Exercise brief.
Reproduce exactly, leaving out pictures, each line from the one holding "17614 Front Beach" through the final line of the listing, and add nothing.

Data extract.
-----
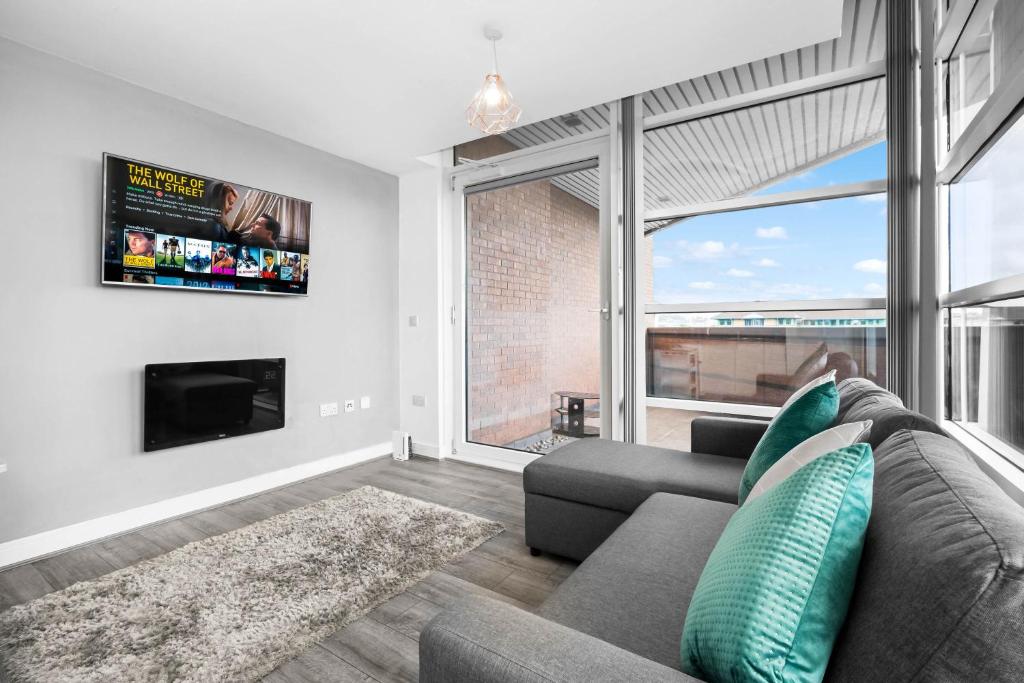 a living room with a couch and a tv at Luxury stay with scenic views in Brierley Hill
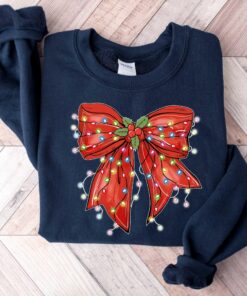 vintage christmas sweatshirt with bow design for retro holiday style and festive vibes cgueg scaled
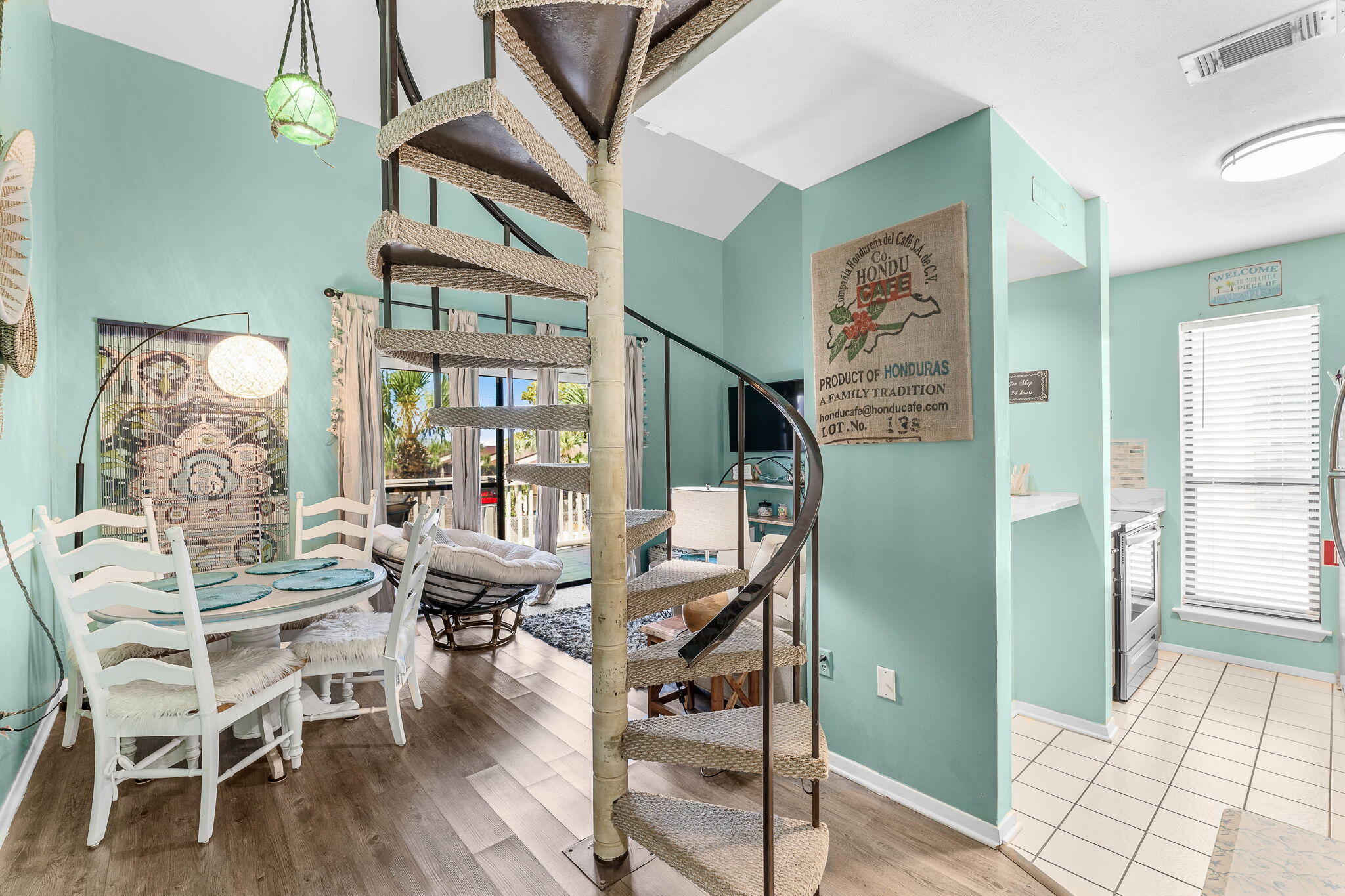 17614 Front Beach Road, Unit D13 Panama City Beach, FL 32413 - Photo 22 of 46 a view of a dining room with furniture window and wooden floor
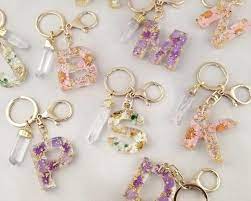 dried flower initial keychain crystal quartz resin keychain etsy in 2021 keychain how to make rings custom keychain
-----
Answer to the exercise.
 17614 Front Beach Road, Unit D13 Panama City Beach, FL 32413 - Photo 22 of 46 a view of a dining room with furniture window and wooden floor
 dried flower initial keychain crystal quartz resin keychain etsy in 2021 keychain how to make rings custom keychain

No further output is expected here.